▶ [Exercise objective]: Once you find the line with "tình cảm Dưới" in the entries below, print it and each line after it up to and including the line with "Cán bộ, đảng", exactly, without pictures.

[Captioned web image data]
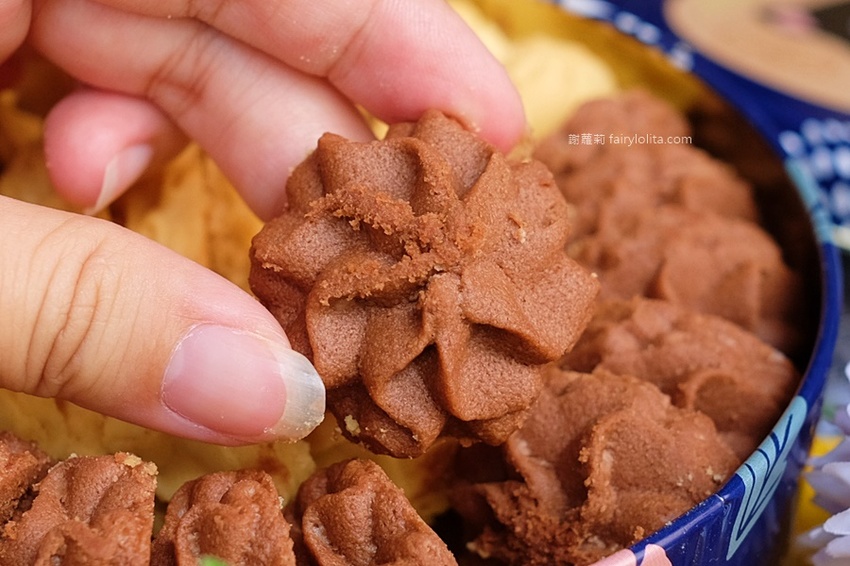 鴻鼎菓子。台中必買伴手禮 2020中秋節禮盒推薦,爆紅堅果塔夯到揚名到海外,網友狂激推:「台全最好吃」! @蹦啾♥謝蘿莉 La vie heureuse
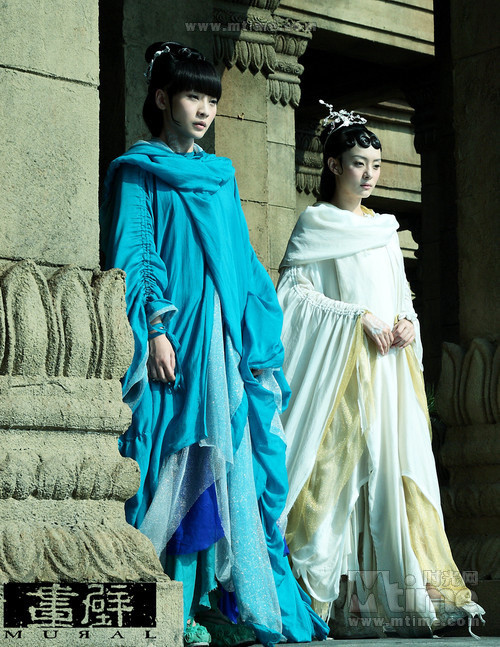 Dưới sự cai quản của Cô Cô, mọi người không được phép nói đến chuyện tình cảm Dưới sự cai quản của Cô Cô, mọi người không được phép nói đến chuyện tình cảm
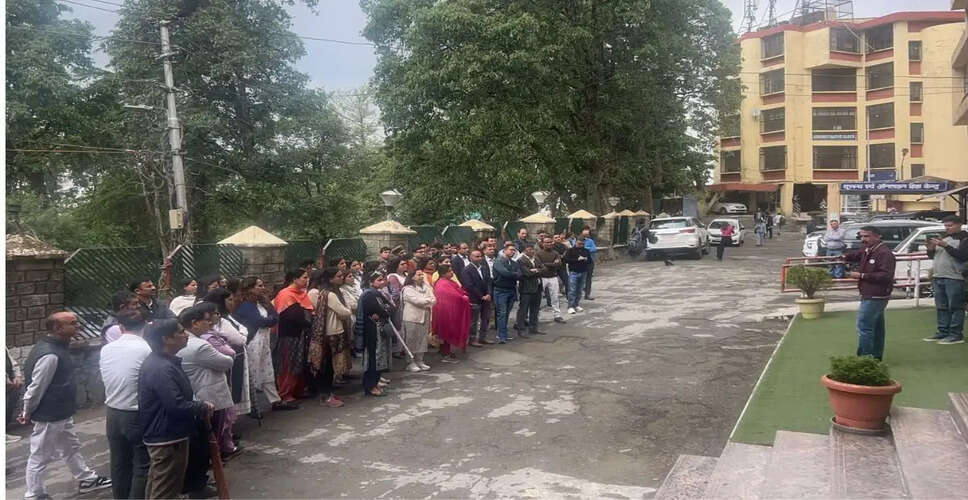 Himachal Pradesh Teachers Stage Protest for Career Advancement Scheme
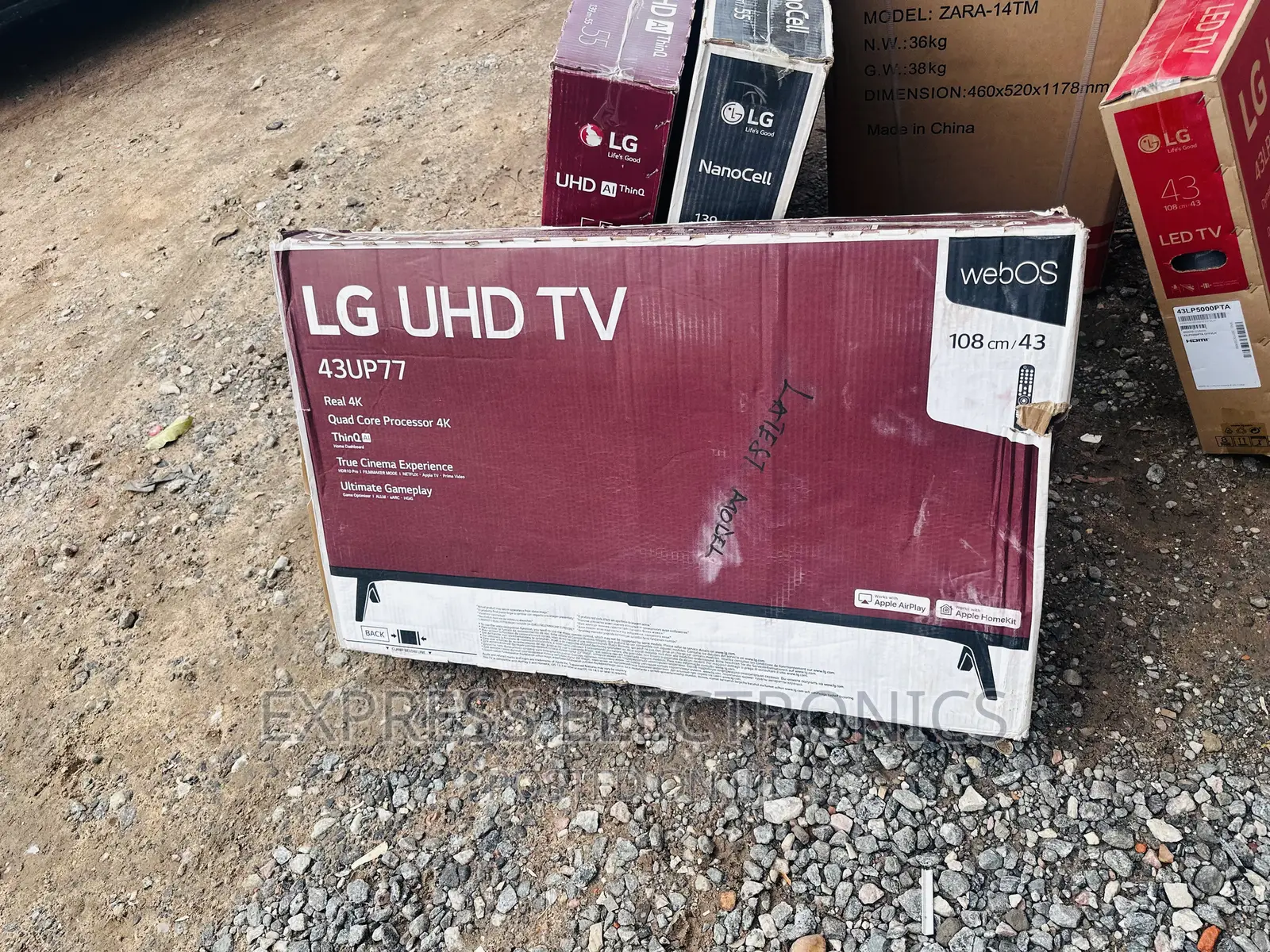 Very Nice Display UHD Smart 43”Up77 Lg Tv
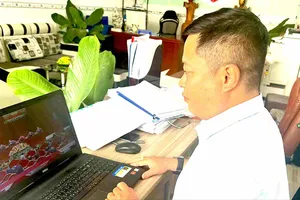 Cán bộ, đảng viên, người dân TPHCM hướng về Đại hội XIV của Đảng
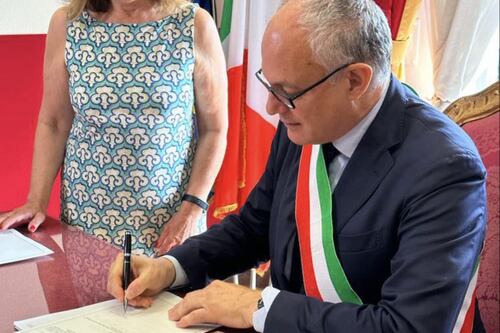 Gualtieri trascrive i primi atti di nascita esteri con due madri. FdI: illegale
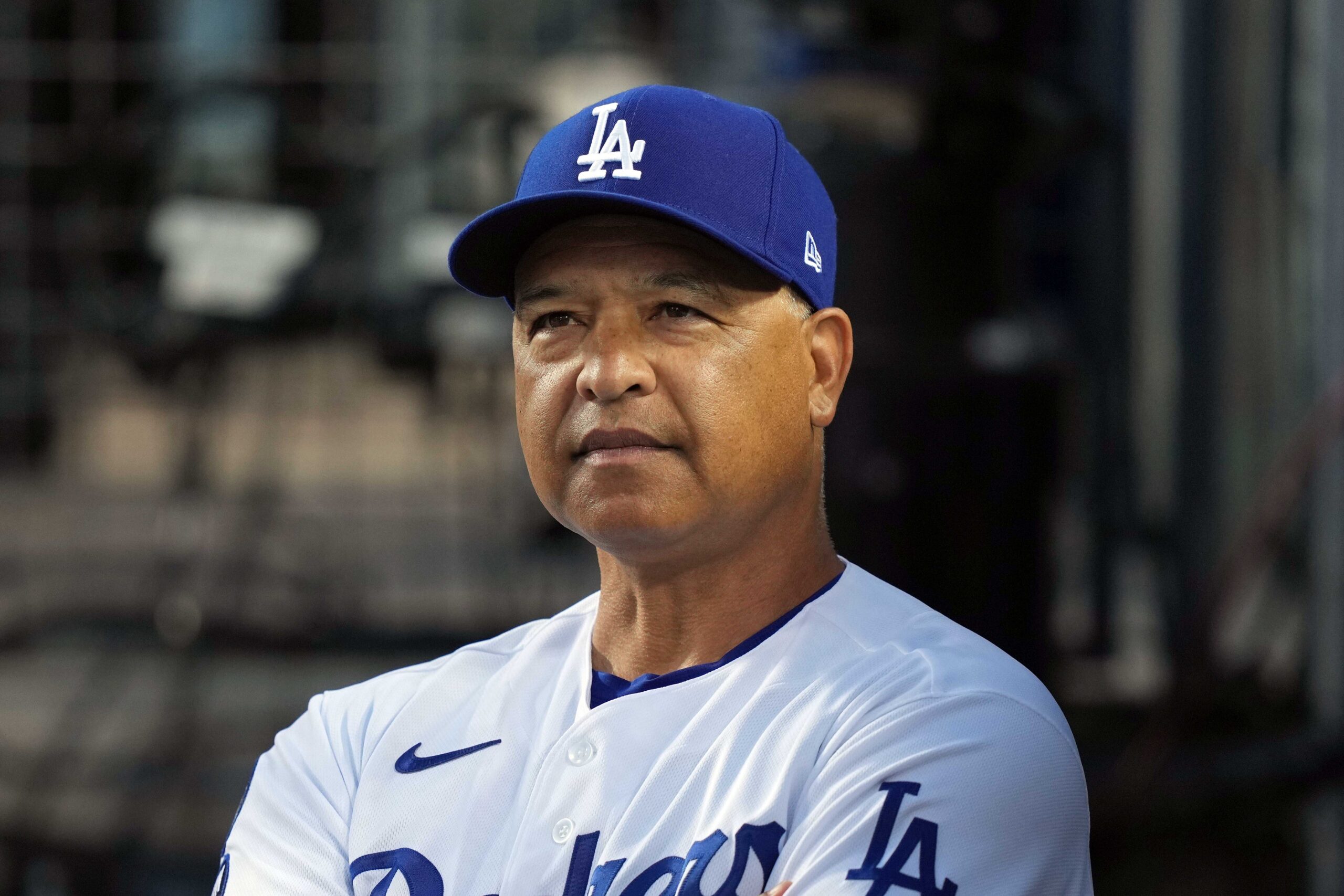 Dodgers keeping Roberts as manager despite latest early playoff exit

▶ [Finished task]:
 Dưới sự cai quản của Cô Cô, mọi người không được phép nói đến chuyện tình cảm Dưới sự cai quản của Cô Cô, mọi người không được phép nói đến chuyện tình cảm
 Himachal Pradesh Teachers Stage Protest for Career Advancement Scheme
 Very Nice Display UHD Smart 43”Up77 Lg Tv
 Cán bộ, đảng viên, người dân TPHCM hướng về Đại hội XIV của Đảng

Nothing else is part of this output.